A força do conservadorismo, então, revela-se nessa falsa esperança que ele mesmo gera ao dizer que porque tudo está “como foi criado para ser” pode-se ter esperança de que tudo ficará bem e o progresso exigido por todas as pessoas chegará ao seu termo com o braço forte de quem comanda a sociedade.
Embora muitas pessoas que se dizem cristãs adiram a esse tipo de discurso, este segue na contramão daquilo que o texto bíblico fala a respeito da esperança. Esperança não tem a ver com conservadorismo, mas muito pelo contrário, pressupõe a saída do status quo toda vez que esse status se mostra como gerador de morte e não de vida na sociedade em que é implantado.
A esperança, pelo viés cristão e bíblico, não se trata de ver o mundo de maneira engessada e desconectado da realidade, mas tem a ver com a ação efetiva de transformação do mundo pelo reconhecimento de que a sociedade desejada por Deus não é a sociedade desigual, sem amor e que oprime como a que temos hoje em diversas partes do mundo.
É nesse ponto que a esperança bíblica e cristã difere radicalmente da esperança que propõe o conservadorismo. Enquanto a esperança proposta pelo conservadorismo pressupõe uma ordem correta das coisas para que a esperança de um futuro melhor surja quase como certeza, a esperança bíblica e cristã parte do pressuposto de que essa esperança é sempre um caminhar rumo ao horizonte, em luta contra os sistemas que geram morte, com fé de que aquele que faz a promessa de uma nova criação de todas as coisas é capaz de a cumprir, mesmo que não saibamos como isso será. Com isso em mente é possível perceber que a esperança pregada pelo conservadorismo não passa de uma falsa esperança, uma vez que, como diz Paulo em sua carta aos Romanos, “esperança que se vê não é esperança” (Rm 8,24).

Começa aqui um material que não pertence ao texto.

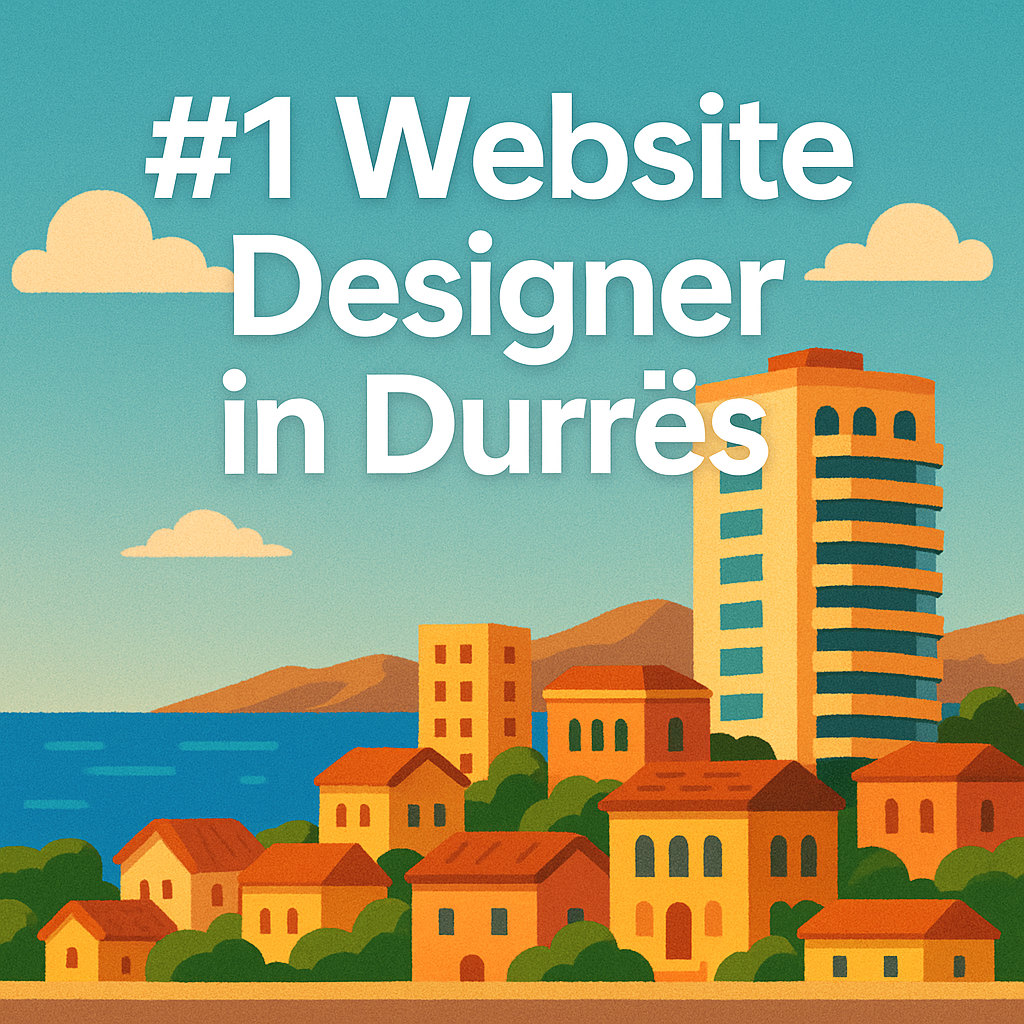 Why UPWeb Services is the Leading Web Development Company in Albania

Em um cenário em que cada vez mais se crescem as posições conservadoras na sociedade, relembrar o lugar da esperança bíblica e cristã se mostra como tarefa fundamental para um Cristianismo que deseja realmente ser uma voz que traga uma mensagem de boa nova àqueles e àquelas que são considerados/as como escórias da humanidade, afastados de Deus e rebeldes em um sistema cujo mote seja o conservadorismo.

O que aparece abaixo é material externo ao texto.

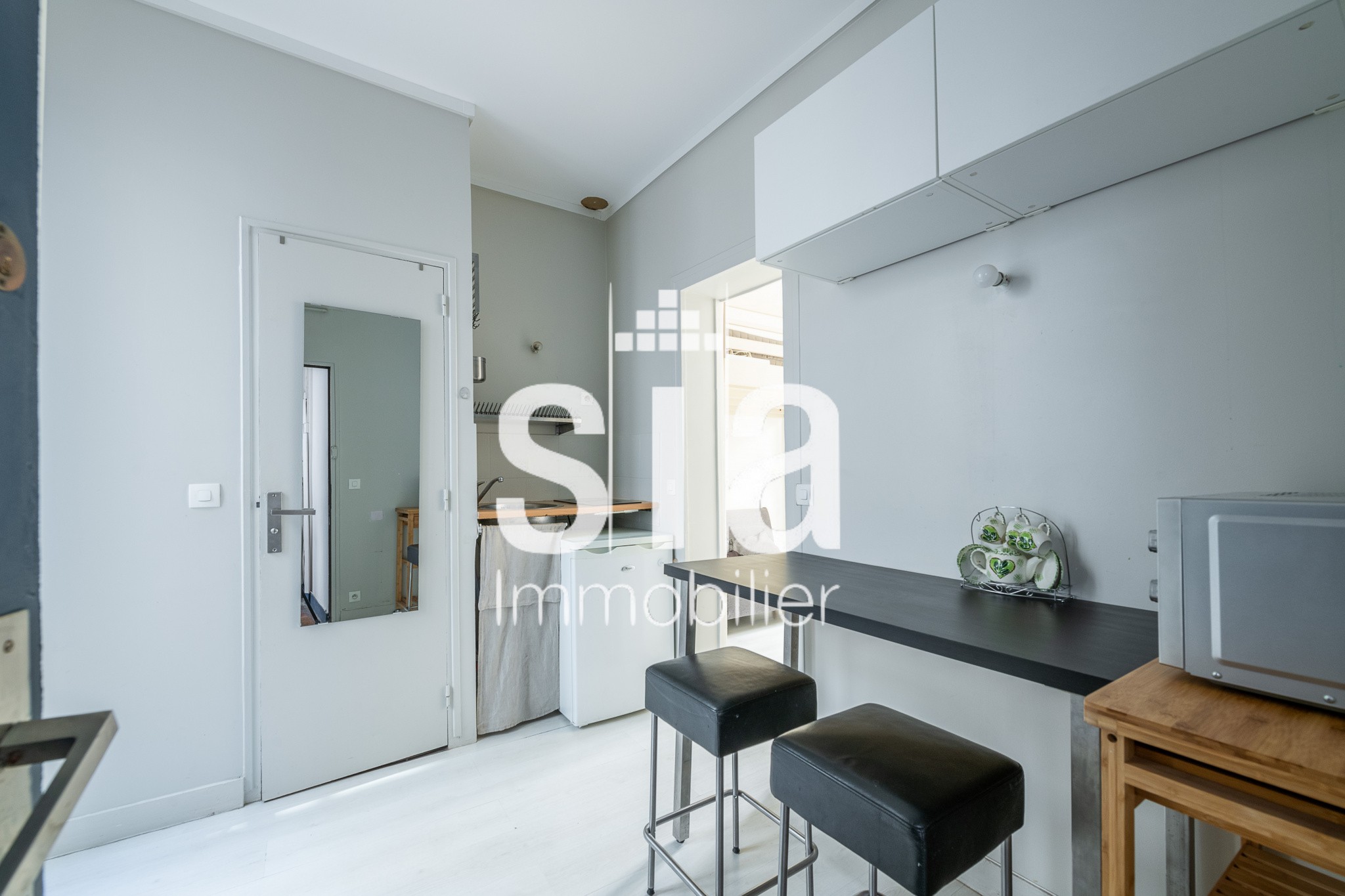 Vente Appartement à Paris Reuilly 12e arrondissement 1 pièce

Recuperar as verdades teologais da fé, esperança e amor, como expostas em 1 Coríntios 13, em seu viés bíblico e cristão, é lembrar que todas as três estão intimamente conectadas, de maneira que falar de uma dessas categorias é falar de todas elas. Assim, uma esperança que abre mão da fé não pode ser uma esperança cristã, uma fé que não pressupõe o amor pregado pelo Crucificado e Ressuscitado não pode ser considerada fé cristã, e um amor que não crê e espera não pode ser identificado com aquele da proposta de Jesus Cristo.

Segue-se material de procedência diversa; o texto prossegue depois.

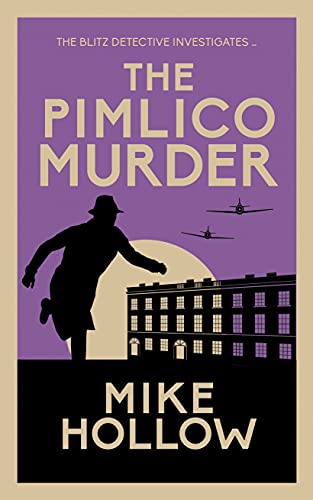 The Pimlico Murder by Mike Hollow (Paperback Book)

Contra uma falsa esperança que se baseia no cumprimento de supostas ordenanças dadas por Deus e encontradas em forma de textos, como pregado pela maioria dos movimentos conservadores, o texto bíblico mostra a radicalidade de uma esperança que, por não ter certeza de nada, confia que o mesmo Deus que se entrega é aquele que também ressuscita e que, por esse motivo, sua palavra pode ser considerada como garantidora do cumprimento da promessa dita por ele e, como consequência, esperança que gera vida e não morte.
Assim, no lugar da fé das certezas do conservadorismo, o texto bíblico propõe uma fé que salta no escuro em confiança Naquele que nos chama; no lugar da falsa esperança que se ancora numa fé de certezas que mantém o status quo, o texto bíblico mostra uma verdadeira esperança que segue em movimento de subversão e é motivo de luta contra os sistemas que geram morte na sociedade; no lugar do amor aos nossos, proposto por grande parte dos movimentos conservadores, o amor a todos e todas, revelado e manifestado no Crucificado que, como cremos, é também o Ressuscitado, motivo de nossa verdadeira esperança.